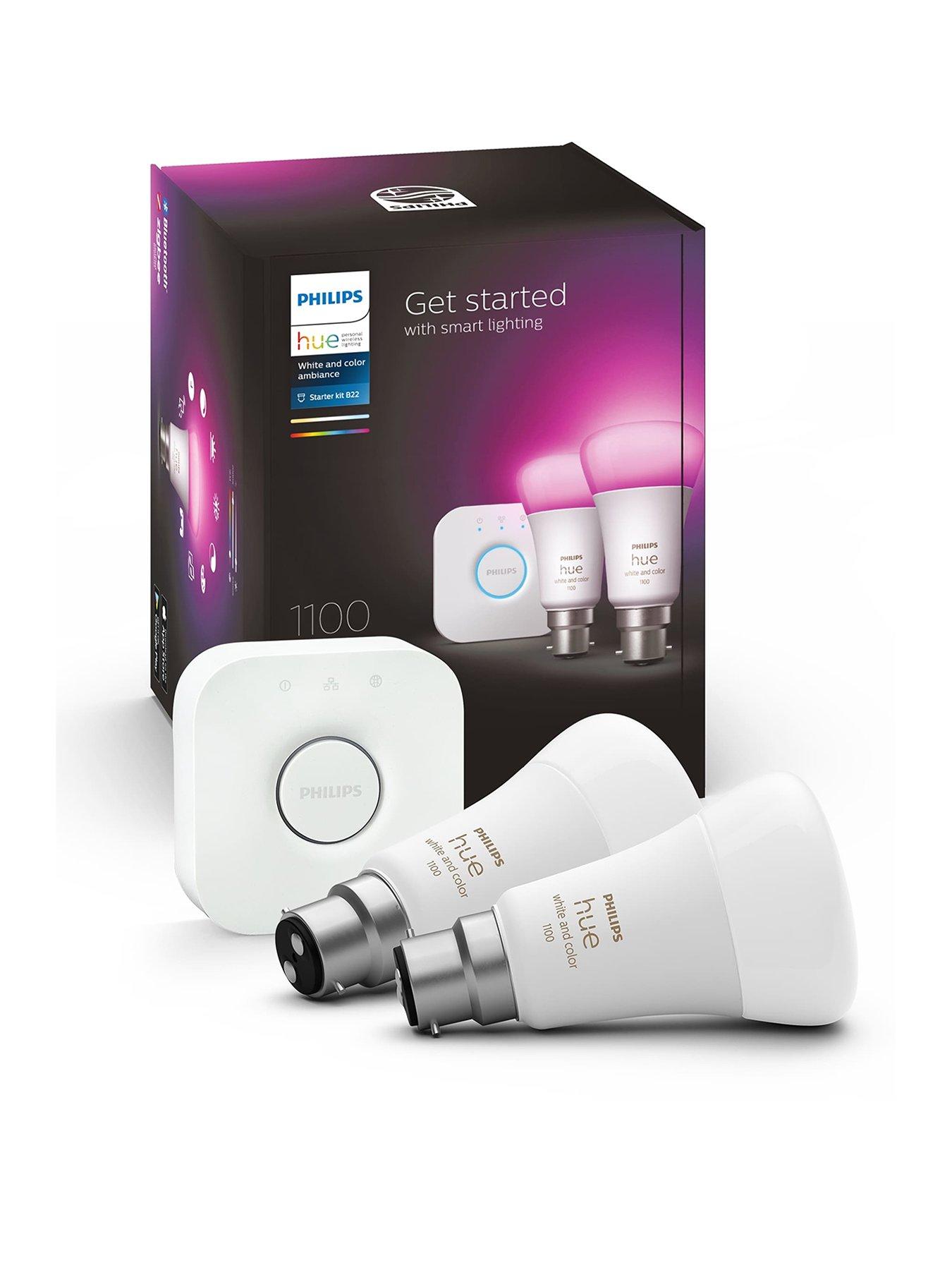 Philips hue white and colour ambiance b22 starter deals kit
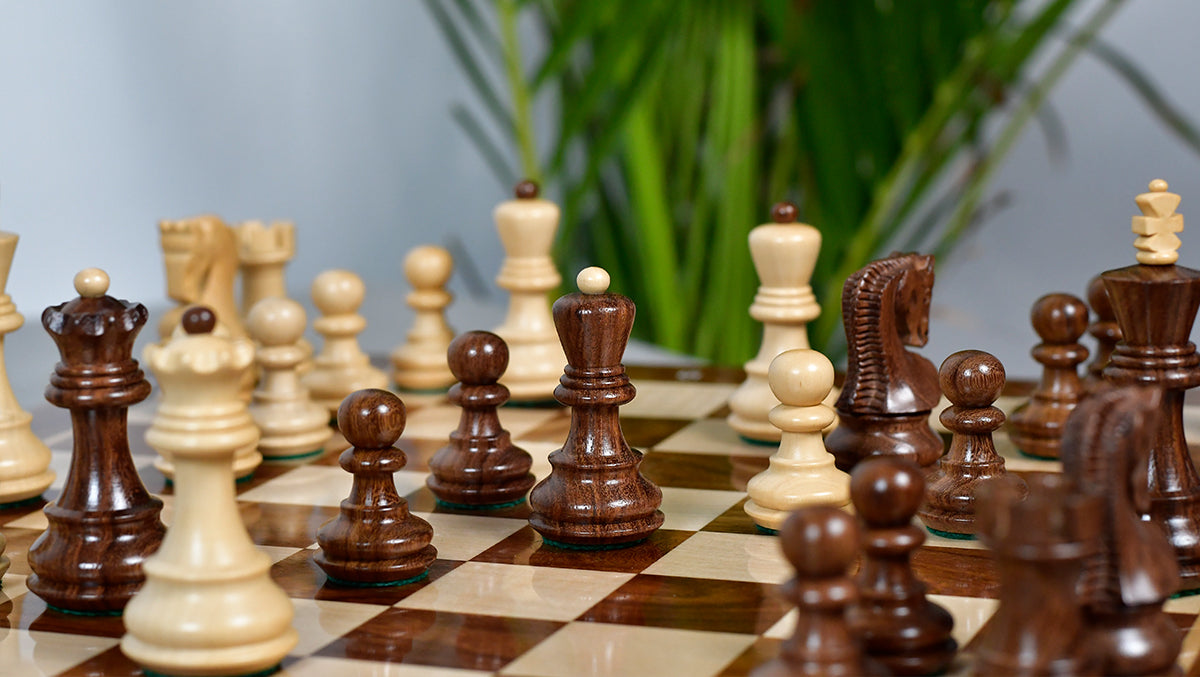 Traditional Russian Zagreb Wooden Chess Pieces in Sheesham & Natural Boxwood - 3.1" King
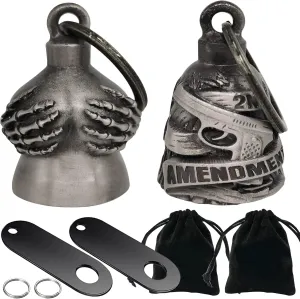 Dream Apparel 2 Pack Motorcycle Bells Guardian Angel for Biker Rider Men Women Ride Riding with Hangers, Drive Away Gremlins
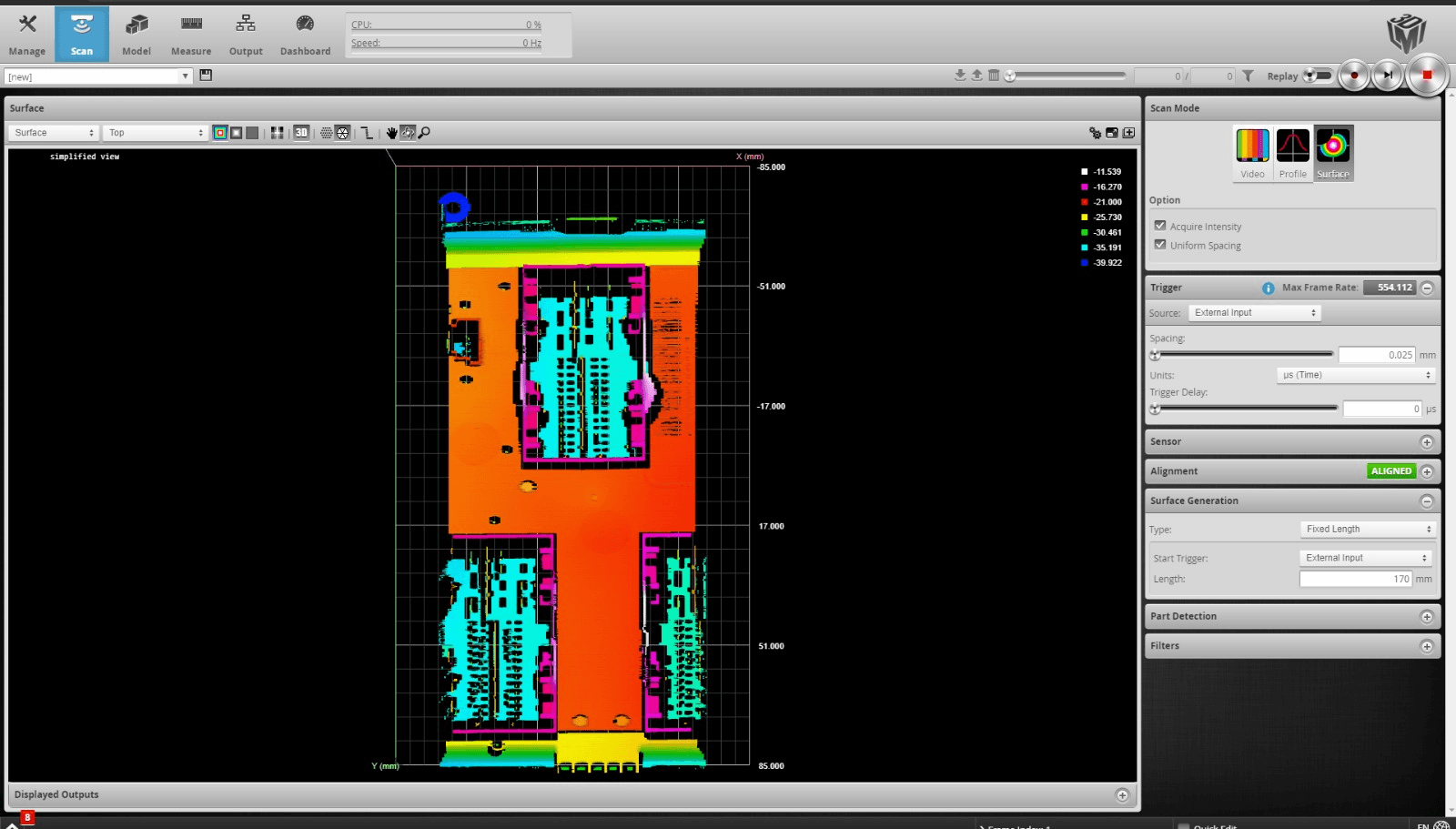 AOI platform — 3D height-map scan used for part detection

__What to produce__
Take the line with "Traditional Russian Zagreb" and each line after it through the end of the material above, and reproduce them exactly, without the pictures.

__Output for this exercise__
 Traditional Russian Zagreb Wooden Chess Pieces in Sheesham & Natural Boxwood - 3.1" King
 Dream Apparel 2 Pack Motorcycle Bells Guardian Angel for Biker Rider Men Women Ride Riding with Hangers, Drive Away Gremlins
 AOI platform — 3D height-map scan used for part detection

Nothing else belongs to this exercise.